A proposito di compagni, cosa ne pensi dello stereotipo riguardante l’impossibilità di immaginare una coppia formata da una persona normodotata e una con disabilità?
“Grazie ai miei viaggi, ho conosciuto molte persone con disabilità e in altri paesi questa unione non è vista in modo strano, soprattutto in America. Secondo me, le persone non conoscono la realtà, non conoscono che una persona con disabilità fa le stesse identiche cose di un individuo in piedi, solamente in modi differenti.
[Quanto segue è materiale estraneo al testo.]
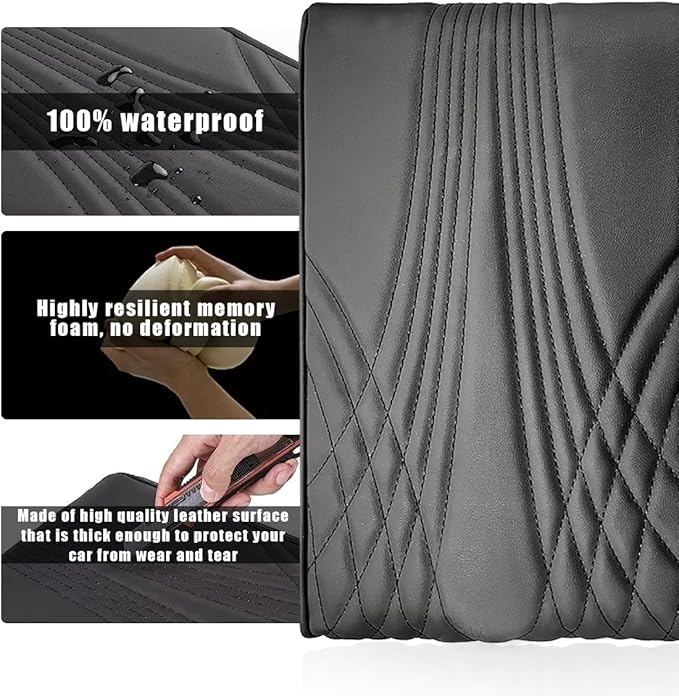 Ziciner Car Center Console Cover, Leather Memory Foam Armrest Cushion Protection Pad, Waterproof Hand Rest Pillow with Height Increase, Universal Accessory for Most Car (Black #Angel)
È capitato anche a me che una persona abbia detto a mio marito ‘Io ammiro tanto tua moglie, ma ammiro tanto soprattutto te che le stai vicino’, come se fosse il martire della situazione. Ma chi te l’ha detto? Devi scontrarti con queste cose, però noi facciamo una vita normalissima”.
Senti, pensi di continuare il tuo percorso nel mondo della bellezza e della moda?
“Mi è stato offerto un contratto con un’agenzia di moda francese che inizierà più o meno a ottobre. Però non so se continuerò su questa strada, ho altri progetti in cantiere”.
Li vogliamo svelare?
“No, ancora no. È un grande progetto, però. Una grande cosa”.
Come saprai bene, ci sono tanti giovani con disabilità che fanno fatica anche a uscire dalla propria porta di casa. Quale messaggio di incoraggiamento senti di lanciare?
“Ciò che cerco di trasmettere è cambiare l’immagine che si ha di se stessi: non bisogna vedersi come una persona disabile, poverina… No, sei una persona e sei meravigliosa per come sei, punto. Quindi, cambiando la percezione che hai di te stesso, inevitabilmente gli altri ti vedranno per come ti vedrai tu, cioè una persona a tutti gli effetti, superando la disabilità che è solamente qualcosa di fisico e oggettivo, non è né una cosa positiva o negativa. È difficile da spiegare, devi cambiare la percezione che hai di te stesso. Ma questo non vale solo per le persone con disabilità. Non so se tu hai mai visto la differenza di una donna molto sicura di sé, come cammina, come si espone: diventa affascinante. Invece, al contrario, una donna insicura, che non si cura e non ti guarda negli occhi, avrà un aspetto diverso. Ed è così per tutte le persone, in piedi, sedute, sulle ruote. Dobbiamo cambiare l’immagine che noi abbiamo di noi stessi e non porci limiti, non pensare ‘io non posso, non sono così, non potrò mai fare questo’: no, tu puoi tutto. E non riguarda solo persone con disabilità, ma riguarda tutti”.